I'm pretty sure it doesn't use ranking. That leaves a lot of performance on the table. Instead you would use the actual predicted token probabilities and arithmetic coding.
I supposed it used arithmetic coding with the ranking bacause they have a distribution easy to exploit: zero more likely, one a bit less and so forth. What's your guess? Unfortunately Bellard is as smart as hermetic. We are here guessing what should be a README file.
The model gives you a probability distribution over the tokens. You could use that directly with arithmetic coding, but there are ways to convert that to a distribution over e.g. the next byte instead which would improve efficiency further by removing the redundancy in alternative token encodings. ts_zip does this, and README says this works similar to ts_zip.

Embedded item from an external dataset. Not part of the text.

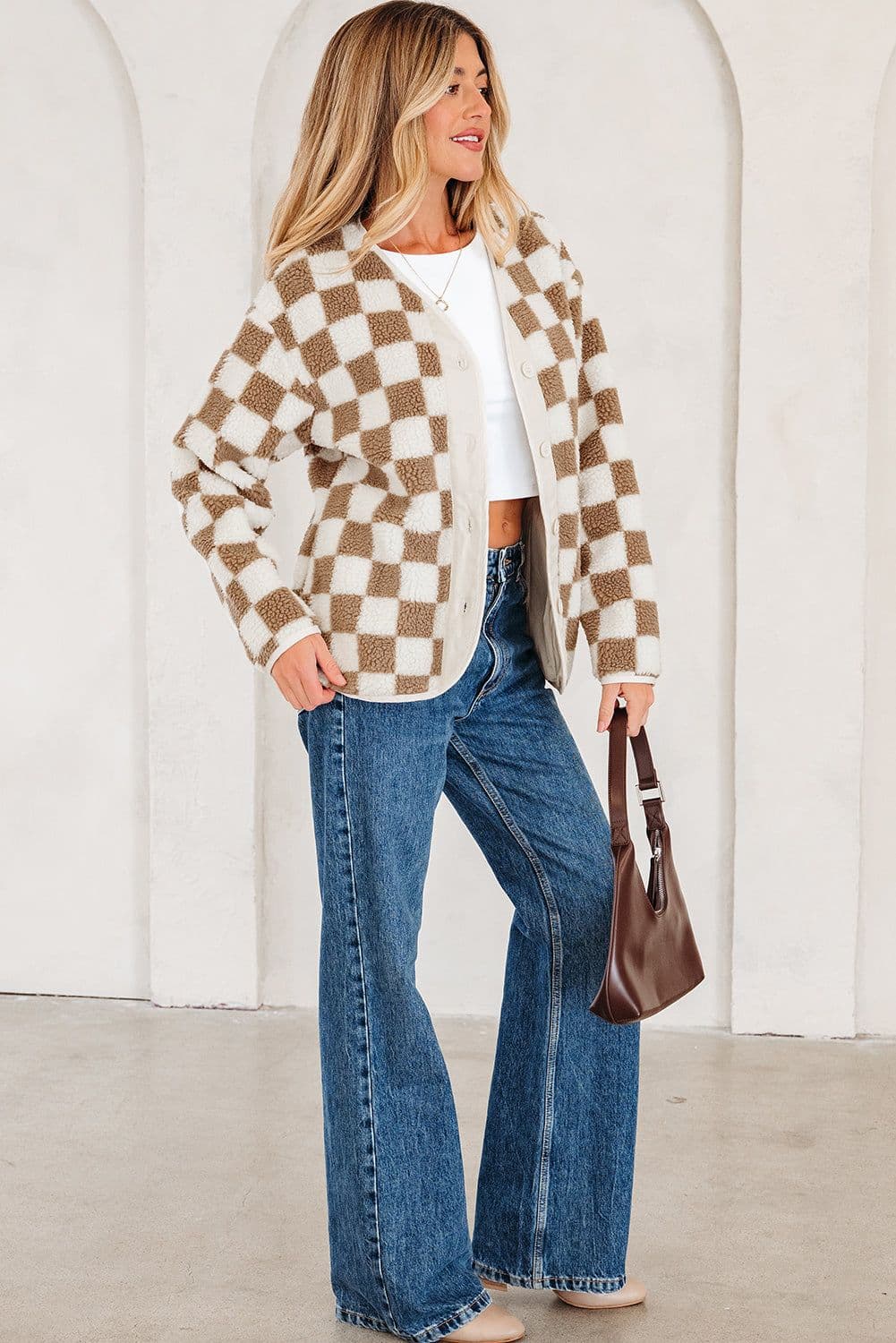 image-Brown Checkered Sherpa Jacket - Buttoned Front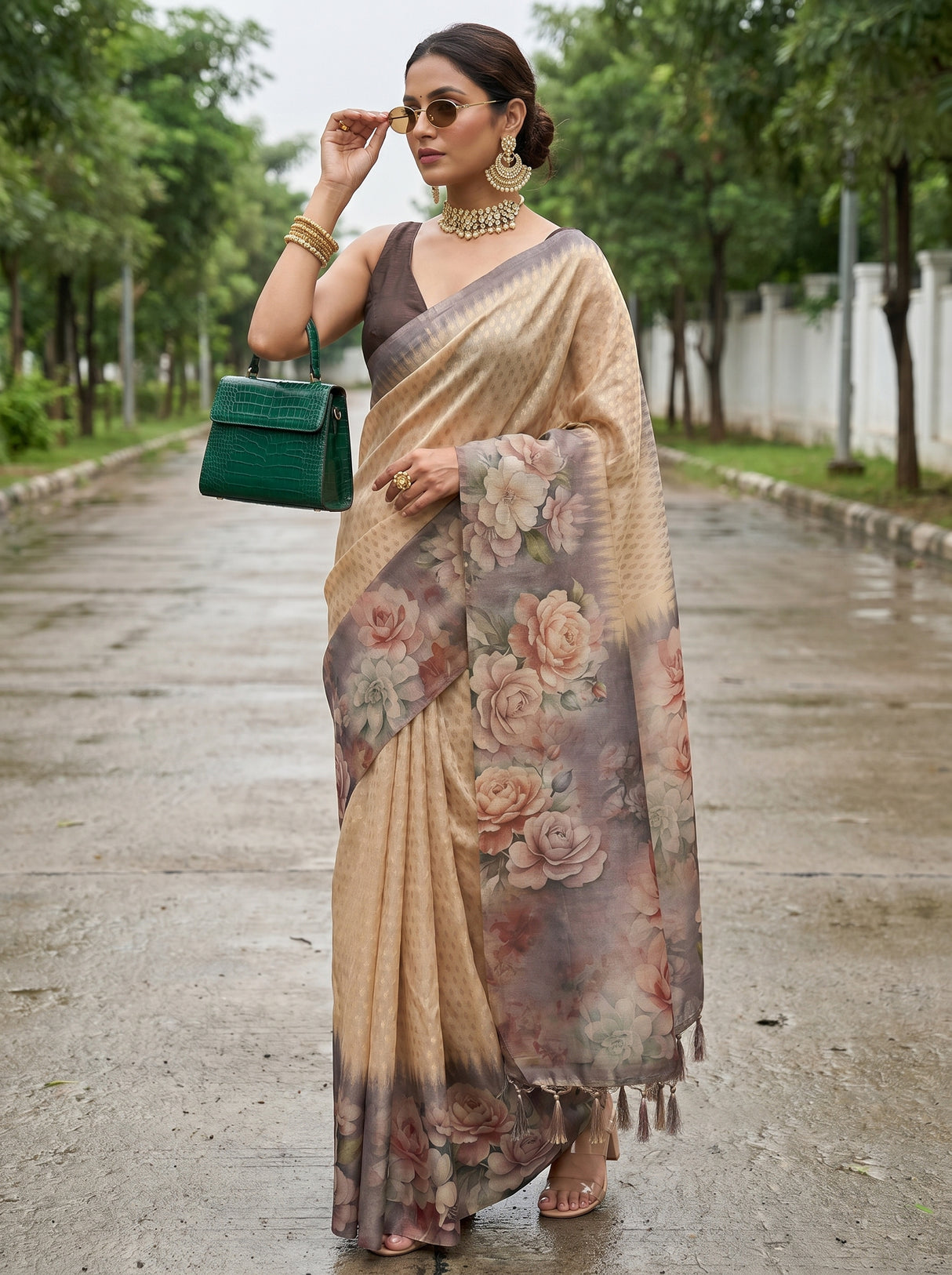 MIMOSA Chikoo Banarasi Art Silk Saree — pose 4 styling detail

EDIT: Hm, or maybe ts_zip uses just the token probabilities directly. I thought it was slightly more efficient about it.
"The language model predicts the probabilities of the next token. An arithmetic coder then encodes the next token according to the probabilities."
Oh, that makes sense! So they use the probability of the next token itself. Thanks for clarifying. Also clever trick about the multiple potential tokens to represent the same text.
antirez, it's probably identical to the approach in this paper:
Li et al 2024, "Evaluating Large Language Models for Generalization and Robustness via Data Compression" (https://ar5iv.labs.arxiv.org/html//2402.00861).
There's a pretty straight line from assigning probabilities (to a sequence of tokens) to arithmetic compression as an optimal compression algorithm for that distribution.
If you are going to zip the resulting file, it may be useful to have a lot of 0s.
If you are going to send the result as is,
Huffman coding (with some escape for unusal words(?)) will be better. I think even better than the other method that forgets the probabilities and then tries to compresd it.
Just to clarify: even storing ranking, here would likely produce good results, but not as good as storing the probability, since it exploits better the ability of arithmetic coding to store this fractional intervals. But here the fundamental trick is that the LLM can compress the "next in sequence" information in a distribution that is much better to compress than the initial data itself.
This is especially true for instance when you have two or more tokens that are about equally likely, or one token that is virtually certain, which ranking would obscure.
Arithmetic coding is better than Huffman coding because it can use a fractional number of bits per code, while Huffman has to use a whole number of bits.
IIRC the only reason it wasn't always used for everything is patents. A secondary reason being that it can be slow if you design it without thinking about performance, eg if you use divisions.